Майские соглашения отчасти сгладили ненормальности двоевластия, при котором народ не мог разобраться, кто же осуществляет верховную власть в стране. Принятие этих соглашений указывало не только на растущее чувство безнадежности, но и на возмужание социалистической интеллигенции, и в этом смысле было симптомом положительным. Объединившее «буржуазию» и «демократию», новое правительство обещало стать более эффективным, чем старое, в котором обе группировки противостояли друг другу. Но соглашения создали и новые проблемы. Войдя в правительство, ведущие социалисты лишились возможности находиться в оппозиции. Теперь они, как члены кабинета, автоматически несли ответственность за все, что происходило в стране. Одновременно большевики, отказавшиеся участвовать в коалиции, очутились в положении стражей русской революции. Поскольку же под управлением безнадежно некомпетентных либералов и социалистической интеллигенции дела шли все хуже, большевики казались единственно мыслимыми спасителями России.

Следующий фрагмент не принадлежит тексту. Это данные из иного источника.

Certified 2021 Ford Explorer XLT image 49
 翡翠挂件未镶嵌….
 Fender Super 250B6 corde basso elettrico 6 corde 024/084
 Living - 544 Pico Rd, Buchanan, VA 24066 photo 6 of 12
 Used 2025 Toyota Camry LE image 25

Временное правительство оказалось в классически двусмысленном неприятном положении умеренных революционеров, перехвативших бразды правления из рук слабеющей власти. «Мало-помалу, — писал, проведя сравнительный анализ революций, Крейн Бринтон, — умеренные начинают терять то доверие, которое они приобрели как противники старого режима; все более и более недовольства вызывают они как наследники старого режима. Вынужденные стать в оборону, они совершают ошибку за ошибкой, отчасти потому, что не привыкли обороняться». Неспособные вынести самое мысль, что они «отстают в революционном процессе», не в силах порвать со своими противниками слева, умеренные не могут никого удовлетворить и вынуждены уступить дорогу лучше организованным, лучше укомплектованным, более целеустремленным соперникам79.